Speaking of those platforms, if you like this podcast, let us know. Leave us a review on your podcast platform of choice and let us know how we're doing. If you enjoy reading and listening to our thought leadership content here at Troutman Pepper, don't forget to check out our handy mobile app. It's available for both iOS and Android, and it has all of our blogs, all of our alerts and thought leadership pieces. It has listening access to all of our podcasts, all in the mobile app, and it even has a handy directory of all of our financial services lawyers and a calendar showing you what upcoming events we'll be attending and speaking at. Just look for Troutman Pepper in your app store, download it, and give it a try.

Now as I said, today we're going to be talking about how FinTech firms can find and keep their bank partners. It's especially a timely topic now, because the banks who do FinTech partnerships have some very significant regulatory pressures and expectations on them that they need to meet, and FinTechs have to understand that.

Now, joining me to tell you about that today is my colleague, Jesse Silverman. Jesse is a great source of information about this, because of some of the incredible experience he's had in the consumer financial services world. Jesse, first of all, welcome to the podcast.

Jesse Silverman:

Thank you for having me. Looking forward to it.

Chris Willis:

Do you mind just for a second, giving the audience a little bit of a biographical sketch of yourself, so they can understand the perspective from which you're going to be talking about this topic today?

Jesse Silverman:

Absolutely. I've got a little bit of a different background from many, because I was a state regulator for several years, working on enforcement matters and supervision matters, predominantly on non-bank stuff, but mortgages was heavy. I then, when the CFPB opened, I then moved down to DC and helped staff one of the early staff in enforcement, helped build that out, did a lot of deep work with supervision at the CFPB. When they decided to staff the regional offices with more than just supervision, they expanded it to enforcement as well, moved up to New York, where I there worked with our colleague, James Kim.

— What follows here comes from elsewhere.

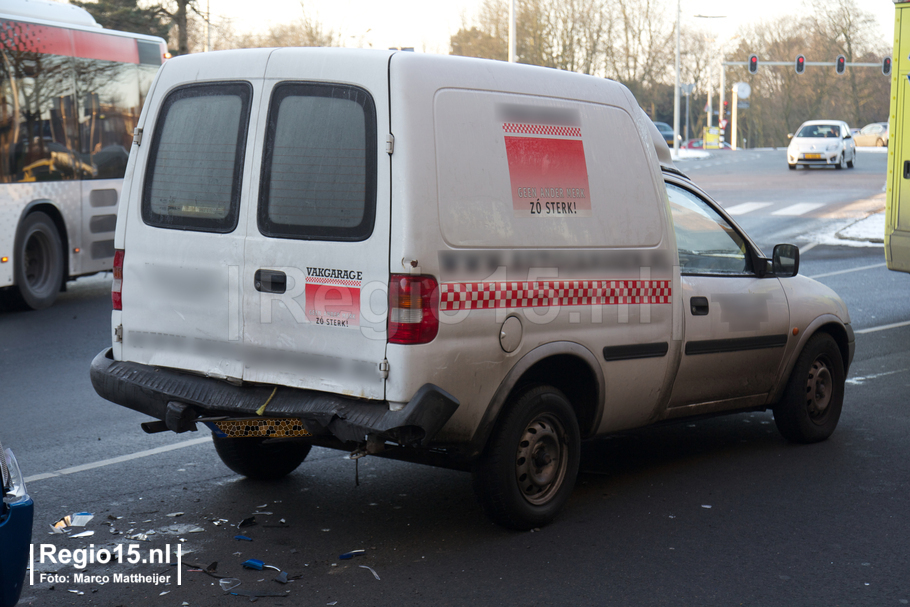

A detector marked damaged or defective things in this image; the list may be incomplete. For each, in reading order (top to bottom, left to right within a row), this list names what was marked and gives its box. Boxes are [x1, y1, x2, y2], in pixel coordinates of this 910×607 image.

damaged rear bumper [90, 346, 460, 446]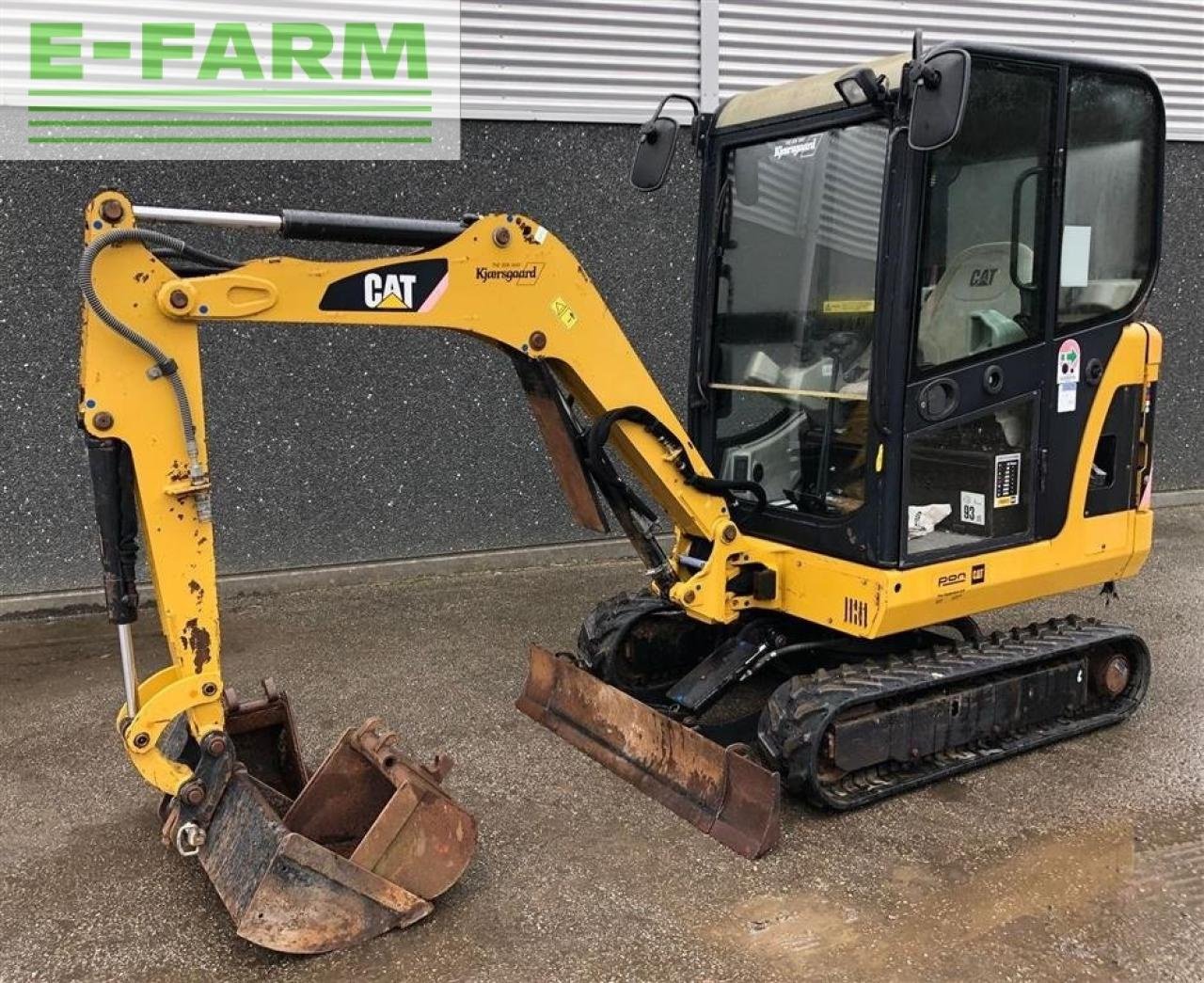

After that, I joke that I'm one of the only people in America who got the startup bug working for the federal government. Helping to start up the CFPB was some of the most entertaining and fantastic period of my career. I realized I love the startup. I then went out to Silicon Valley, worked for several FinTechs for the last 10 years. Have seen the FinTech world change dramatically over the last decade. Most relevant to this particular topic, I have gone through due diligence with countless bank partners. I have been actual partnered with several banks. I have gone through this. I have watched that world change dramatically over the last 10 years.

As you noted at the beginning of this, it's a particularly relevant topic now, because it is an area that is in, I don't know, if I'm being gracious, I would say, it's undergoing significant change. It's maturing. But there is a lot going on. These are vital relationships for many of these FinTechs. These relationships, these are ones, if you get wrong, your business goes to zero, right? You need that bank partner. If there is a partnership that is worthy of your time and effort, this is it as a FinTech.

Chris Willis:

Yeah, absolutely. Just listening to you talk about your background just helps me convey to the audience how happy we are that Jesse's joined our team here at Troutman Pepper, which he did very recently. I think you're going to hear through the course of this episode just how insightful he can be with respect to these things. Jesse, let's jump into it.

Let's say that I'm a FinTech company and I'm looking to engage in a bank partnership for either a banking as a service, or maybe some lending product. What are the essential preparations that I need to make before I even approach a bank to talk about a partnership? What do I do to get ready?

Jesse Silverman:

Yeah. It's a great question. It's funny. I was reading something on LinkedIn actually just yesterday, two days ago, Jonah Crane over at the Klaros Group, he had a post about flexibility. FinTechs are often looking for flexibility from their bank partners. He, and parenthetically, I, just think that that's absolutely the wrong approach. You want a bank partner that has certainty, not flexibility.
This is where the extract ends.